**Exercise directions:** From the line that contains "Appraisal: ROOSEVELT THEODORE" to the last line of the data below, transcribe every line exactly. Do not include the pictures.
*** Extracted data Section Begins ***
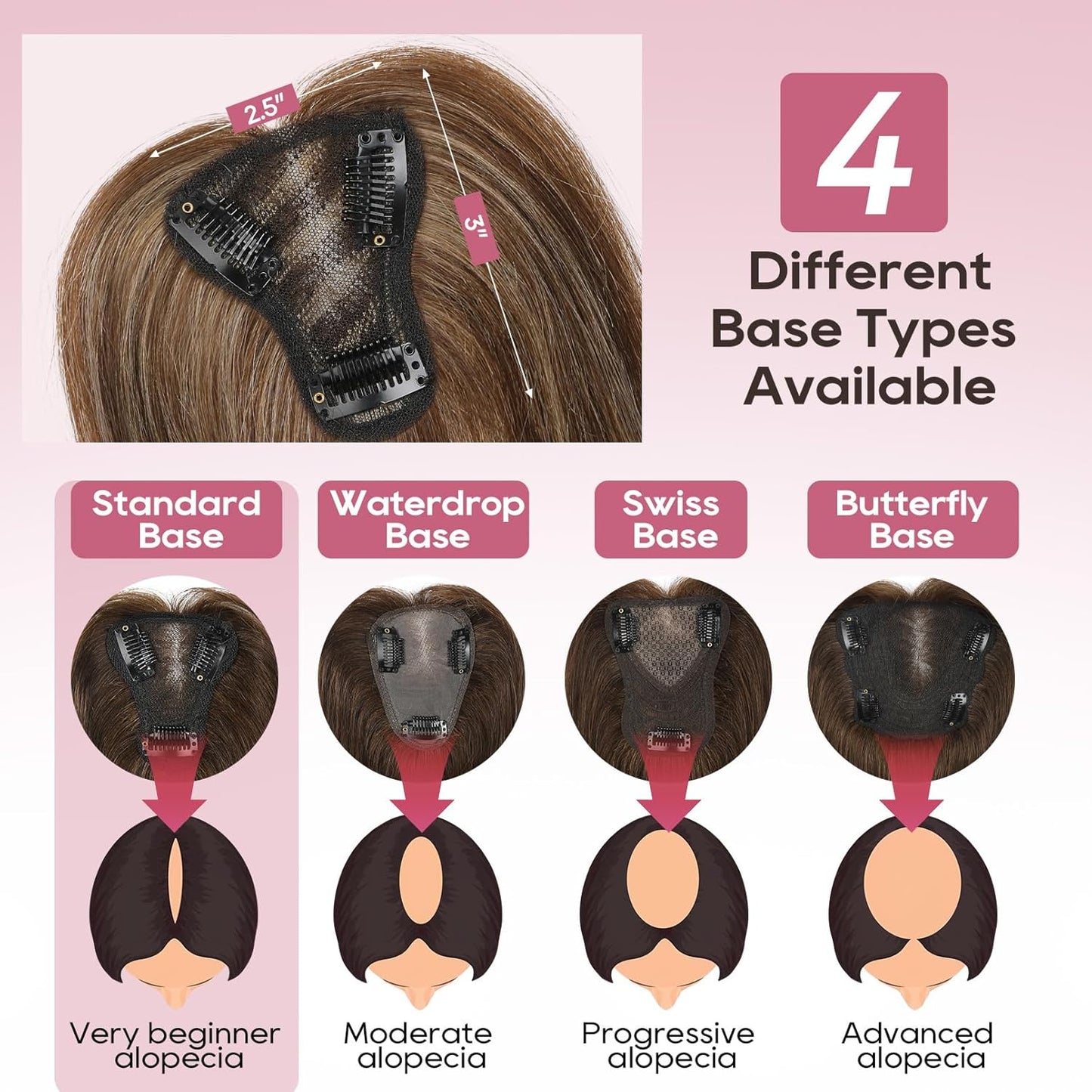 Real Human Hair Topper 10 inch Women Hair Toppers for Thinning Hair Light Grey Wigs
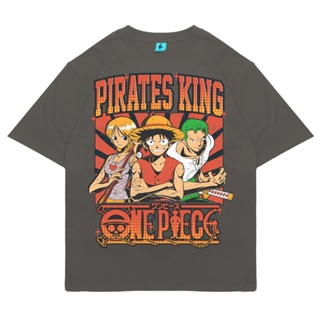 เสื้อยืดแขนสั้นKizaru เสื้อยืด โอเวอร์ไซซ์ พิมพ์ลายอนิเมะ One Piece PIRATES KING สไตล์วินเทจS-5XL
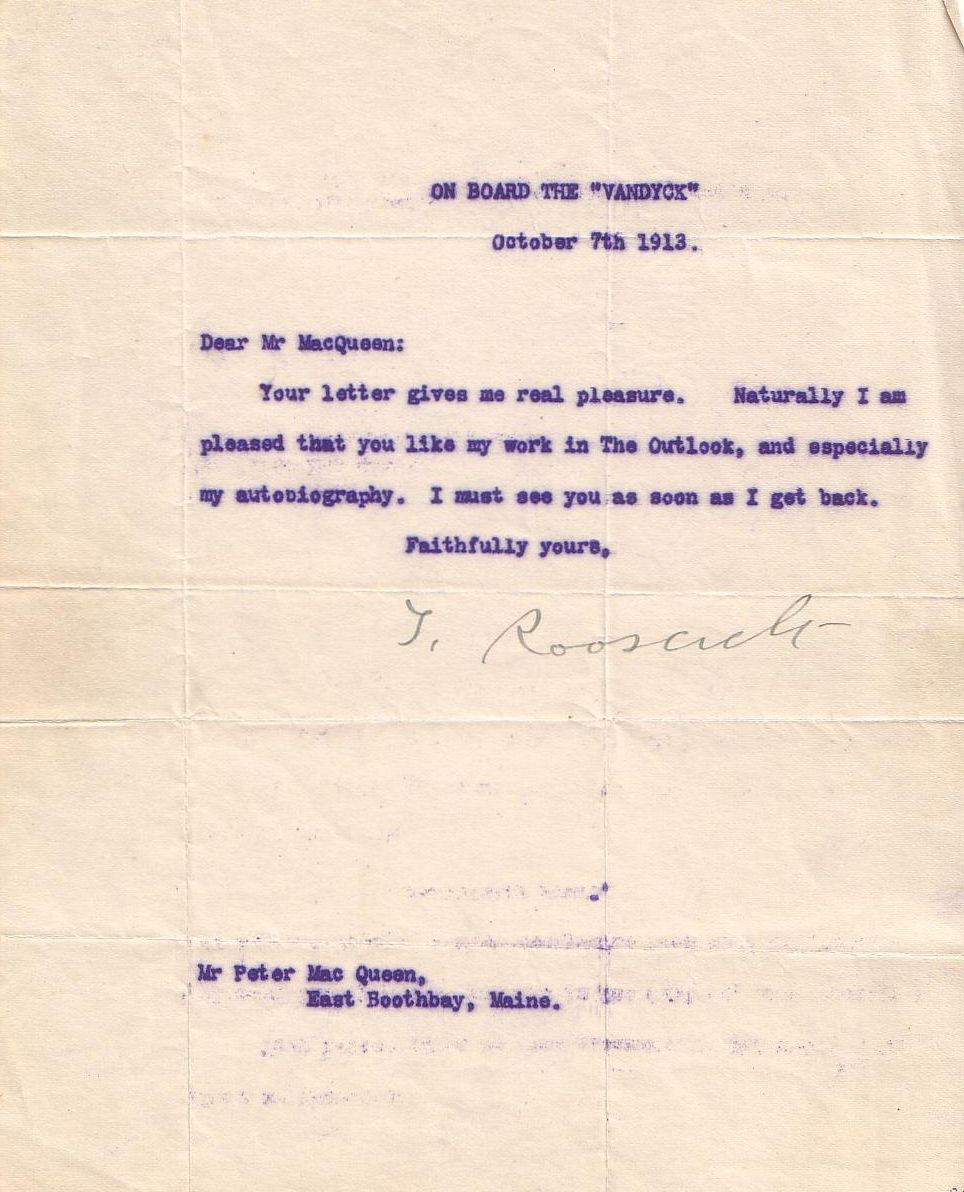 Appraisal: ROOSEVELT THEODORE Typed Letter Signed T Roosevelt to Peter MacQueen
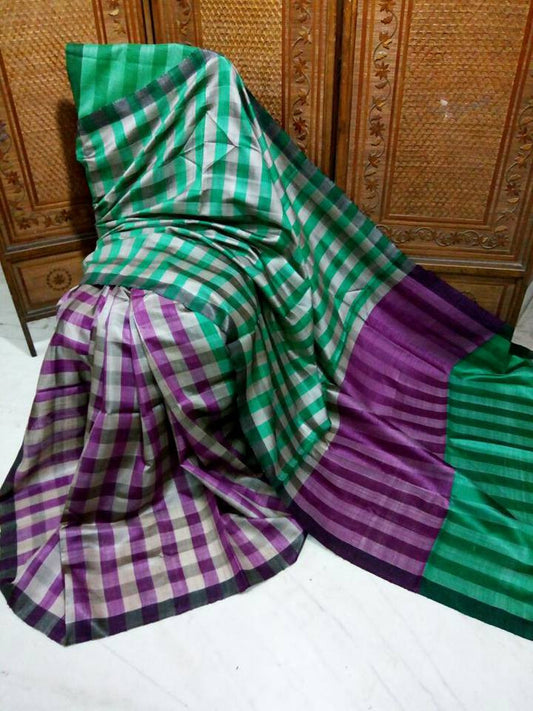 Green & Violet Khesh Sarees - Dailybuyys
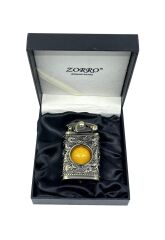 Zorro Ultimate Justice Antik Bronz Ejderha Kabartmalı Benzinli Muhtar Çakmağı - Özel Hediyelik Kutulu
*** Extracted data Section Ends ***
**Task result:**
 Appraisal: ROOSEVELT THEODORE Typed Letter Signed T Roosevelt to Peter MacQueen
 Green & Violet Khesh Sarees - Dailybuyys
 Zorro Ultimate Justice Antik Bronz Ejderha Kabartmalı Benzinli Muhtar Çakmağı - Özel Hediyelik Kutulu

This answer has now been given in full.